The consultation closes at 5pm on Friday 8 September 2017. 

Commenting on the consultation, family law solicitor and arbitrator Tony Roe says:

'This consultation merits very careful consideration. There are some fundamental issues in play. Accordingly it is rather unhelpful that the consultation, which seems to present matters on a rather narrow basis, has been launched by the MoJ just before the summer recess. As such the deadline, 8 September, gives precious little time for responses to be submitted.

Amongst other things, I am not comfortable with the consultation’s proposal that financial claims be removed from the petition (application for a matrimonial or civil partnership order) itself, particularly if the petitioner/applicant were to remarry without having made an application for a financial order, thereby being statute-barred from doing so. De-linking can happen without that.

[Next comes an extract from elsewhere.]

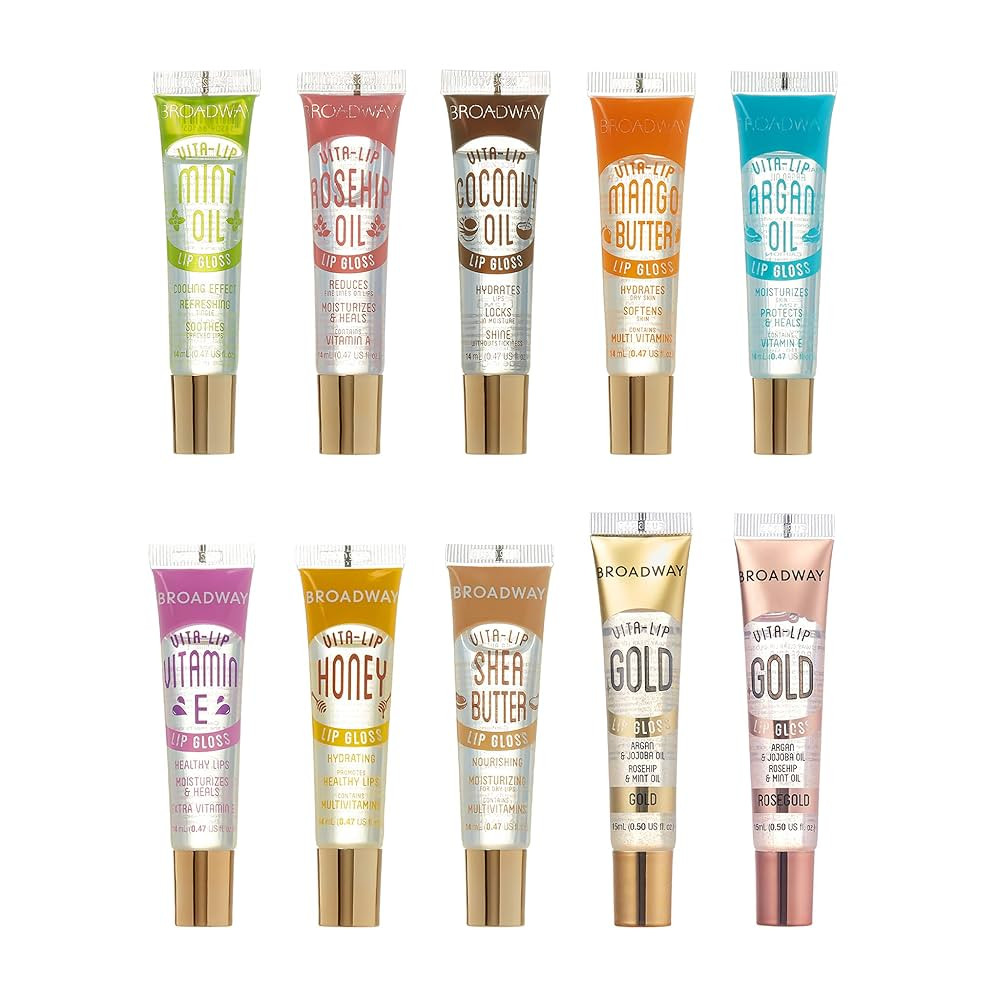 Ruby Kisses Broadway Vita-Lip Clear Lip Gloss (10 Pack), Ultra-Hydrating & Soothing Formula with ... | Amazon (US)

Whilst the consultation refers to the fact that the President noted in his 17th View that only a minority of divorce cases give rise to a money claim, it is important for parties, particularly litigants in person, to be aware of the implications that there may be by leaving financial aspects unresolved, without a consent order dismissing potential claims. Wyatt v Vince [2015] UKSC 14 demonstrated such risks when a former wife successfully brought a claim for financial remedies some twenty years after decree absolute.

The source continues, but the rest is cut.